Outcome and opportunity inequalities after childhood
The LAC report doesn’t stop at childhood. It argues that we adults exert some influence over outcomes but are also constrained by factors beyond our control; only inequalities in outcomes caused by factors beyond our control should be deemed inequitable. The report focuses on six such factors (gender, race or ethnicity, birthplace, educational attainment of the father, and educational attainment of the mother) and looks at four outcomes (income, consumption and earnings for adults, and the educational achievement of 15-year olds).

This part of the report doesn’t use the HOI but rather a decomposition method, even though both analyses in practice seem to share the same goal. The aim of the decomposition is to isolate the part of the inequality in the outcome attributable to inequalities in factors beyond the individual’s control. The claim is that “in an ideal world, inequality in outcomes should reflect only differences in effort and choices individuals make, as well as luck.” (p15).

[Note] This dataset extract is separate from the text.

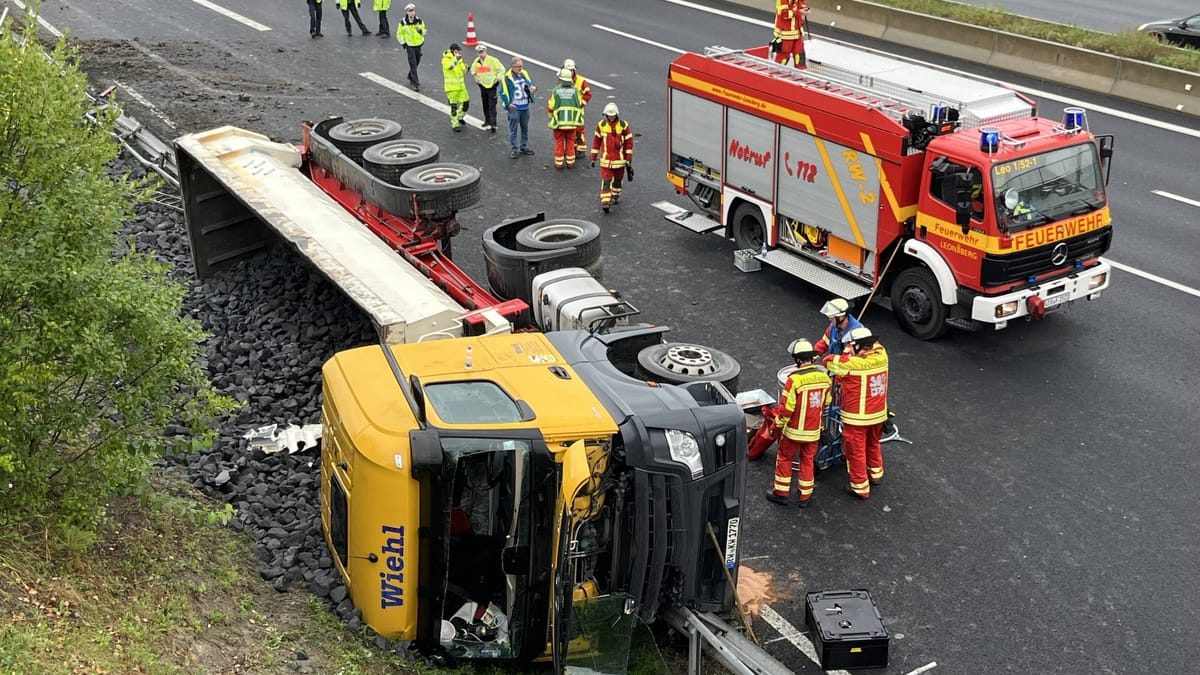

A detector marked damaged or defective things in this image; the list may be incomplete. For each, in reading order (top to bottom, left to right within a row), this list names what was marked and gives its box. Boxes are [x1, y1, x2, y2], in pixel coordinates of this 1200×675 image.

damaged windshield [992, 141, 1104, 234]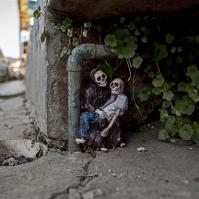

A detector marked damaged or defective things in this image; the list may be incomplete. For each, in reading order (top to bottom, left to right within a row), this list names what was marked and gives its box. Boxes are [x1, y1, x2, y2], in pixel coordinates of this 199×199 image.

I feel rather uncomfortable saying that inequalities in the educational achievement of 15-year olds are unacceptable insofar as they reflect inequalities in the six aforementioned factors that are beyond the individual’s control but acceptable insofar as they reflect inequalities in effort, choices, and luck. First, the educational achievement of a 15-year old reflects a lot of decisions over the previous 14 years over which the individual had little if any control, including the family’s living standards. These will be partly captured by the six “exogenous” factors, but only partly – the family’s living standards will also reflect choices made by the parents. Second, while kids do, of course, have some control over their own educational achievement, it’s surely the case that even kids from relatively privileged backgrounds can get distracted from their efforts by their peers, can make mistakes in their choices, and can hit patches of bad luck – a near-fatal illness, a car accident, a parental breakup, a bout of depression, a spell of anorexia, etc. Do we really want to hold teenagers accountable for their decisions on effort, their choices in general, and their luck? I’m even more inclined to be skeptical in the case of health outcomes: there’s simply a huge random component to the health outcomes, a point that led Julian Le Grand 20 years ago to argue that while risky behaviors might warrant additional taxation, we shouldn’t attempt to decide which health outcome inequalities are just and which are unjust – a position that still seems to resonate today.

But at the end of the day it’s not the value judgments of World Bank staff members that count – it’s the views of the people living in the countries we’re working with that count. Perhaps they’re all tough as nails, in which case it’s fine to label as equitable inequalities that are the result of inequalities in effort, choices, and luck. But if there are a lot of softies like me out there, we’ll dramatically underestimate the amount of inequality that’s unfair. And that could hold governments back from addressing inequalities that their citizens would like them to address.